Supreme Court of Rhode Island

May 7, 2019

J. Ronald Fishbein
v.
Cynthia R. Hanssen.

          Providence County Superior Court (PC 11-6009) Associate Justice Richard A. Licht

          For Plaintiff: J. Ronald Fishbein, Pro Se

          For Defendant: Frederick A. Costello, Esq.

          Suttell, C.J., Goldberg, Robinson, and Indeglia, JJ.

          ORDER

         The plaintiff, J. Ronald Fishbein, appeals from an August 11, 2015 amended order and judgment in Providence County Superior Court dismissing his complaint and entering final judgment pursuant to Rule 54(b) of the Superior Court Rules of Civil Procedure. On appeal, he raises the following issues: (1) "[w]hether the sanction imposed [against him] was appropriate, meaning whether the conduct of Fishbein in moving for the disqualification of [opposing counsel] is sanctionable[ ] and [whether] assessment of legal fees was appropriate;" and (2) "[w]hether the imposition of legal fees in the amount of $5, 000 was proper."
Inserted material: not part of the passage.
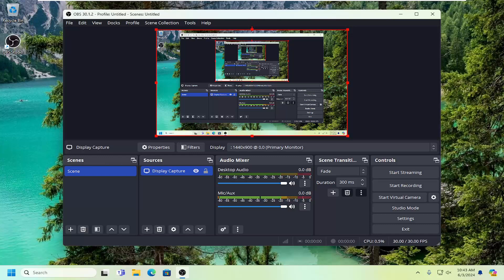So this will hopefully be a pretty straightforward process here guys. Without further ado, let's jump straight into it. All you have to do is open up OBS Studio and then select the Settings option underneath Controls.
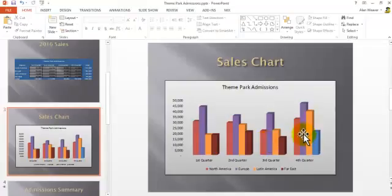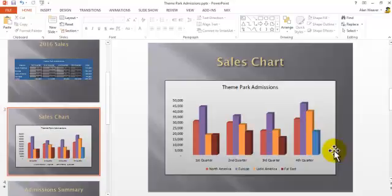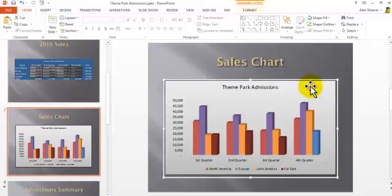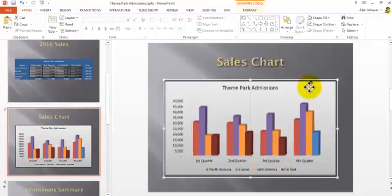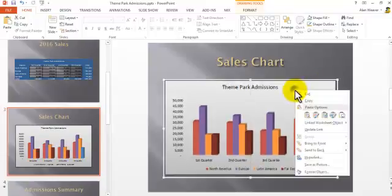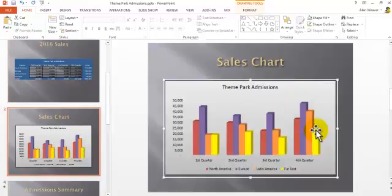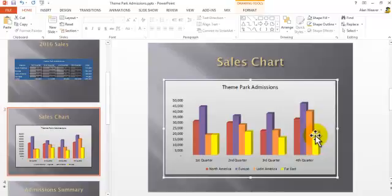It also works the same with Word, the exact same way. It's not showing the change in here. All we have to do, if you don't see it, right-click, update link. It has it in there. If you were to print it, it will convert it over.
         This case came before the Supreme Court pursuant to an order directing the parties to appear and show cause why the issues raised in this case should not be summarily decided. After a close review of the record and careful consideration of the parties' arguments (both written and oral), we are satisfied that cause has not been shown and that this case may be decided at this time. For the reasons stated herein, we affirm the order of the Superior Court.
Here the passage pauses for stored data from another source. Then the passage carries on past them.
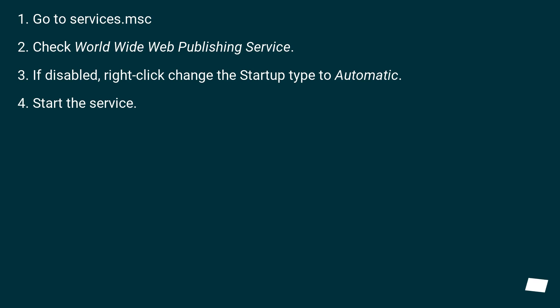Go to services.msc. Check World Wide Web Publishing Service. If disabled, right click, change the startup type to automatic. Start the service.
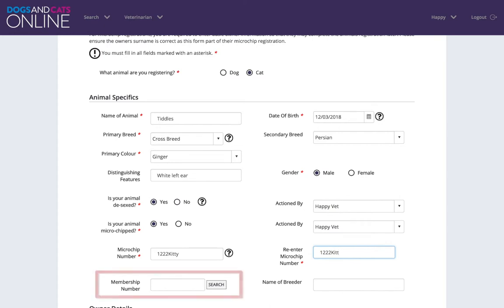If a breed or registration number is provided by a dog or cat owner, this can be entered into the membership number field to assist in the registration process.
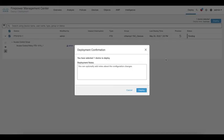You can put a TCP bypass deployment note for tracking down the changes made to your FTD.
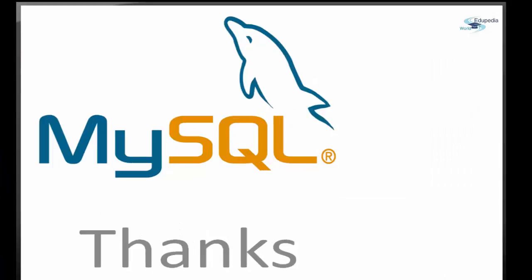That's it guys for this session. I hope you're enjoying this session. Keep learning and keep practicing, and we'll meet you in the next session. Thank you.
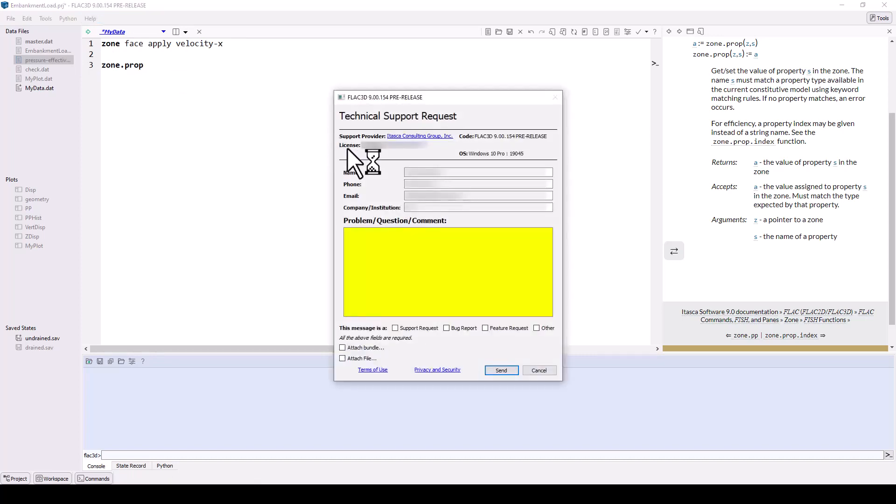To save your changes, including the current layout and any new plots, make sure to save the project. This concludes this overview tutorial of the new Itasca software UI.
         This case stems from a dispute about legal fees between plaintiff, who is currently a suspended Rhode Island attorney, and the defendant, Cynthia Hanssen. In the course of that dispute, on January 9, 2012, plaintiff first noticed the deposition of Ms. Hanssen's counsel. On March 21, 2012, a protective order was granted preventing that deposition. In spite of the existence of that protective order, over two years later, on November 6, 2014, Mr. Fishbein moved to disqualify Ms. Hanssen's counsel so that he could call him as a witness at trial. The hearing justice found that the motion to disqualify had no basis "whatsoever" and that it was filed to "harass or cause unnecessary delay and clearly increase the cost of litigation." As a result, the hearing justice imposed sanctions in the amount of $5, 000 against Mr. Fishbein. Mr. Fishbein failed to pay those sanctions, despite having been found to have the ability to pay and having been given several months to do so. Accordingly, the hearing justice dismissed Mr. Fishbein's complaint pursuant to Rule 41(b)(2) of the Superior Court Rules of Civil Procedure. Ms. Hanssen's counterclaim in this case remains pending in Superior Court.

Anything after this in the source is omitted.